Each approach has its benefits and downsides. For example, in our past but relevant post How to Live Stream Video as You Shoot It in iOS, we wrote about on-device HLS stream generation. It allows you to do without a media server and immediately download content to the CDN (e.g., Amazon S3 + CloudFront). But as such an HLS based approach has its inherent flaws (see below), this time we would like to discuss some better options: on-device generation of an fMP4 flow and RTP streaming based on a local RTSP server.

HTTP Live Streaming

HLS emerged in 2009 and quickly became relatively popular. This was facilitated by full support for HLS in the Apple ecosystem and its pretty clear structure: there is a master index file (or playlist) containing a list of links to video stream segments (or chunks) continuously added during online streaming. In HLS you also can define multiple alternate video streams for clients with alternate bitrate requirements (low/high bandwidth, etc.). However, such a two-tier system with the need to update the playlist has become a limitation to HLS use. HLS has shown poor performance in real-time broadcasts due to the following issues:

  1. The stream is cut into small chunks (several seconds each, as recommended); hence, inherent latency might be too high for real-time.
  2. However, a standard guideline for video players is to buffer a minimum of 3 chunks. Hence, the latency of item 1 would be tripled at the player level;
  3. Moreover, for the player to learn of new chunks in the stream the player has to continually re-fetch the index file; this is another source of latency (otherwise the player would be simply unaware of what to show next).
  4. Each chunk is an MPEG-TS file having substantial overhead to the core media content.

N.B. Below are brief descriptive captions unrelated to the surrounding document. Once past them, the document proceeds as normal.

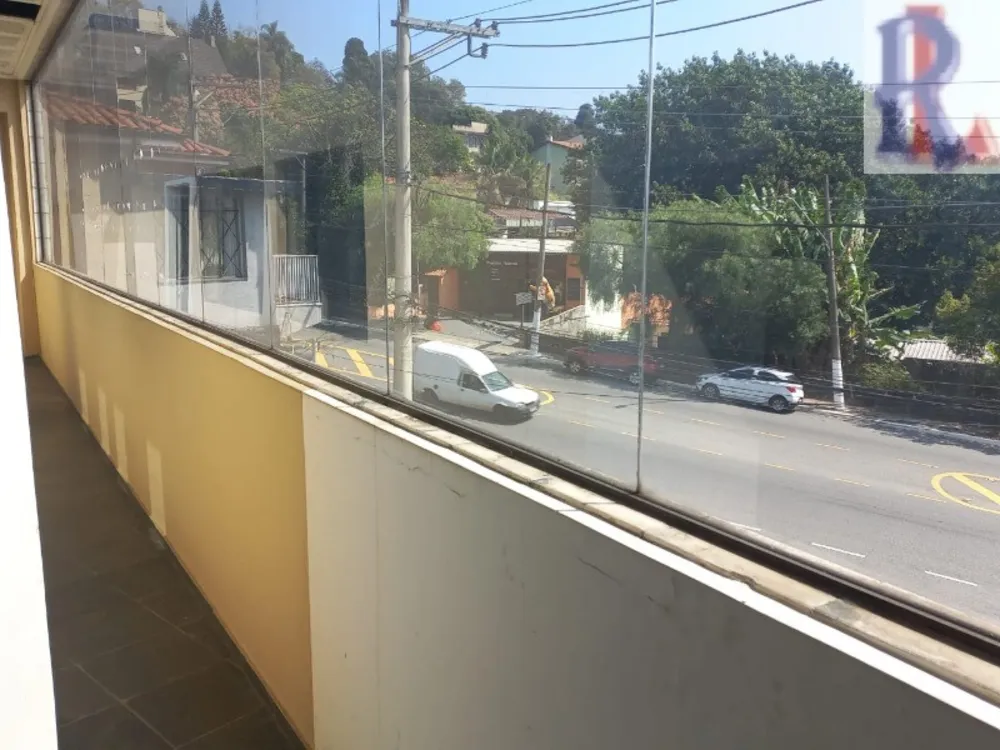 Loja-Salão - Foto 9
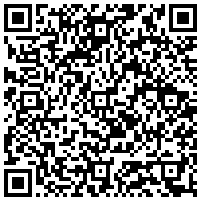 QR Code for bitcoin:bitcoin:bitcoin:bitcoin:bitcoin:bitcoin:bitcoin:bitcoin:bitcoin:bitcoin:bitcoin:bitcoin:bitcoin:bitcoin:dash:XwFdgtphj2DtJfbiZLPQMye95U5ZanP3t1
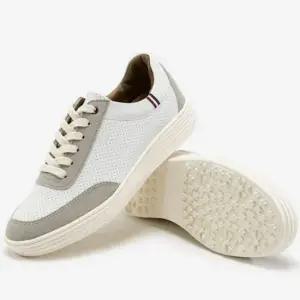 남성용 캐주얼 운동화 3컬러 남자 단화 신발 남자스니커즈 남성운동화 남자로퍼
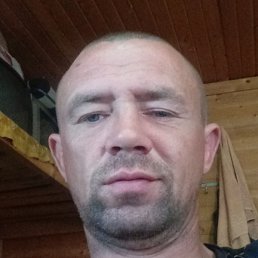 ������, �����-���������, 41 ���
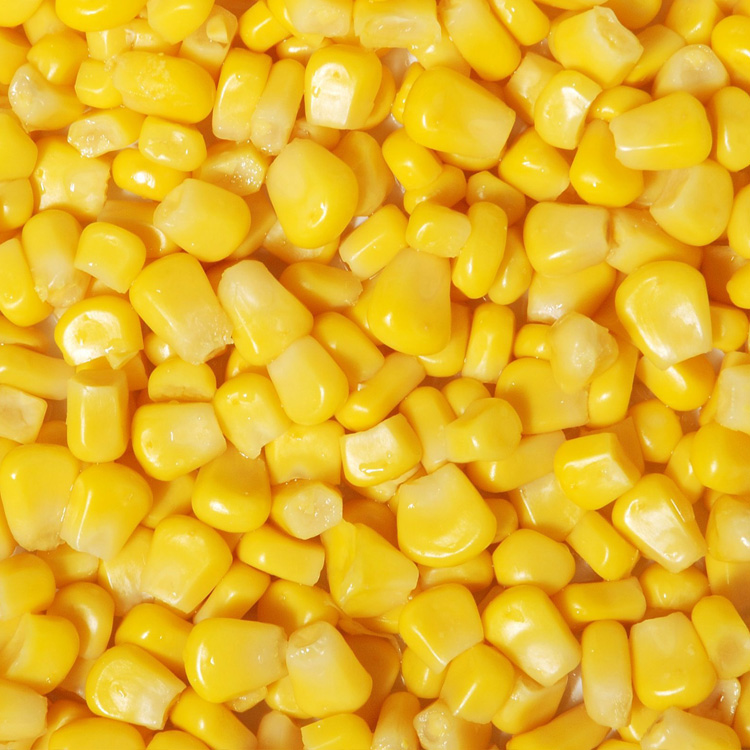 甜玉米的作用都有哪些呢？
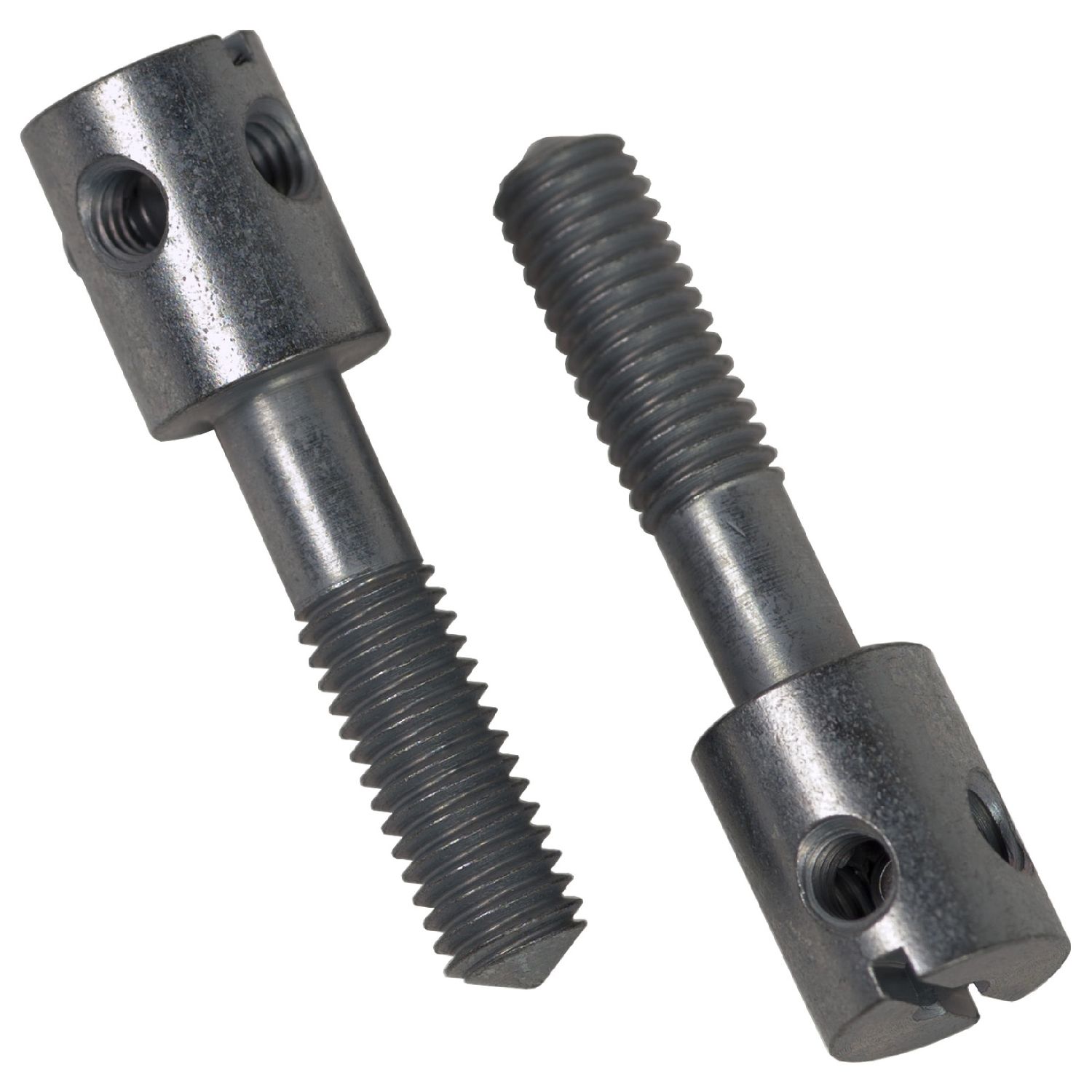 Picture of ADAPTOR PROTECTIVE CABL SLEEVE 8#26MM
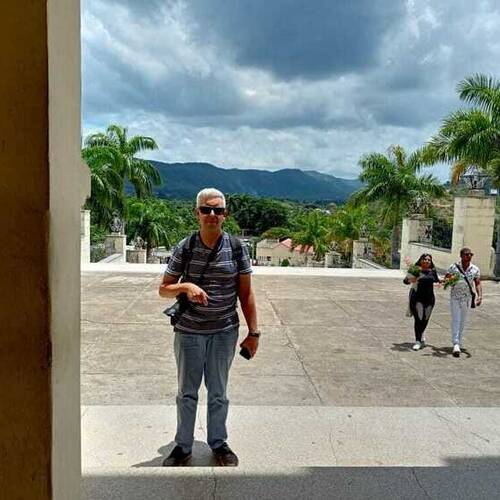 Foto extra 4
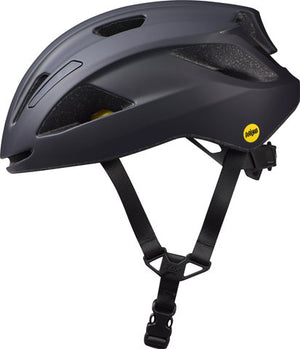 Specialized align ii mips helmet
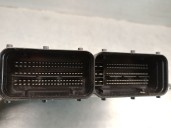 Recambio de centralita motor uce para hyundai i30 (pde, pd, pden) 2.0 n referencia OEM IAM 391982GPD1 A3C0695190001 CONTINENTAL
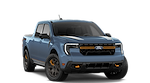 New 2026 Ford Maverick Tremor SuperCrew Cab for sale #260197 - photo 28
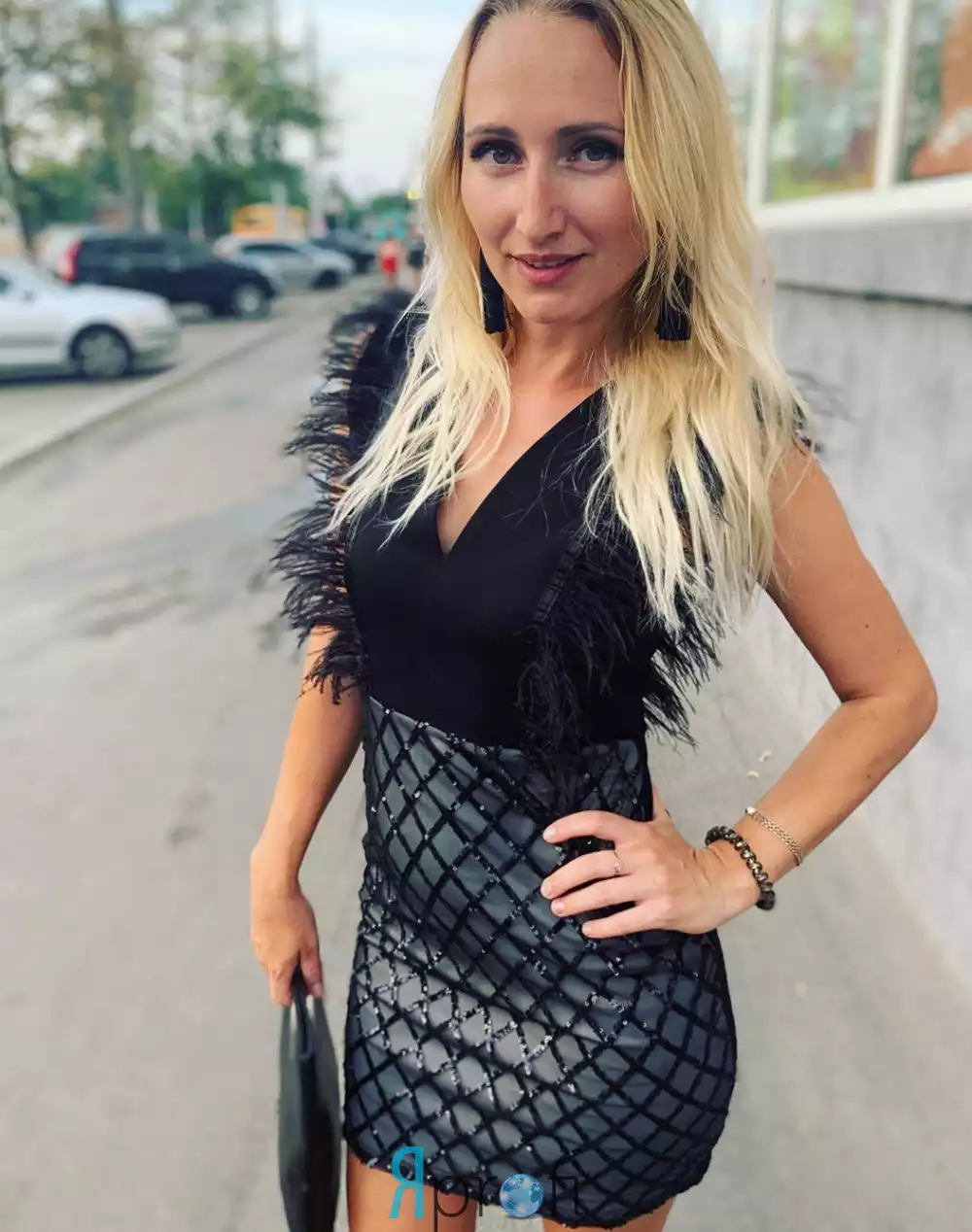 Юлия (Кондитер)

An obvious step to reduce latency in HLS would be to reduce the chunk size to the minimum (1 second). However, with such small file sizes the stream becomes prone to network instability. Hence, under the average “natural” conditions it is almost impossible to achieve smooth playback: more player resources are allocated for re-querying the master file and next chunk than for video display itself.

To resolve such issues, similar approaches were offered in 2011-2012: MPEG – by MPEG-DASH, Smooth Streaming – by Microsoft, and HDS – by Adobe. However, none of them became the “de-facto standard” (although of those three MPEG-DASH is a full-scale ISO standard), as they had the similar underlying shortcomings and, moreover, the Adobe’s and Microsoft’s solutions necessitated a special server-side support. Here you can find the table comparing these formats.

Fragmented MP4

As the time went on, another approach became popular for simple broadcasts, fMP4 (fragmented MP4). It was a minor (but essential) expansion to MP4, a well-known and widespread format almost ubiquitous even at that time, so broad support of fMP4 naturally came along shortly after.

All the difference between a regular MP4 and fMP4 is in the arrangement of elements describing the video and audio streams. In a conventional MP4 file, such elements are located in the end of the file, but in fMP4 they are put in the beginning of the file. As MP4 could natively contain multiple streams divided into separate data chunks, such a simple change made the file “infinite” for the player.

This very fMP4 property is used for live streaming. First, the player reads the description of the video or audio stream and then starts to wait for the data and display them (play back) as they arrive. If you generate your footage chunks on the fly, the player will be able to automatically play back a real-time stream at no additional effort.

And it does work! Of course, certain issues may arise at fMP4 generator implementation. To discuss them, let’s take an example, our DemoFMP4 app.

fMP4 Live Streaming on iOS

This is a demo app which takes the frames from the camera and sends them in the fMP4 format to the connected viewers. To connect to the device viewers have to request a virtual “MP4” file automatically generated at the following address: http://<ip-address>:7000/index.mp4.
For this the app launches a lightweight GCDWebServer which listens to port 7000 and serves requests to download index.mp4.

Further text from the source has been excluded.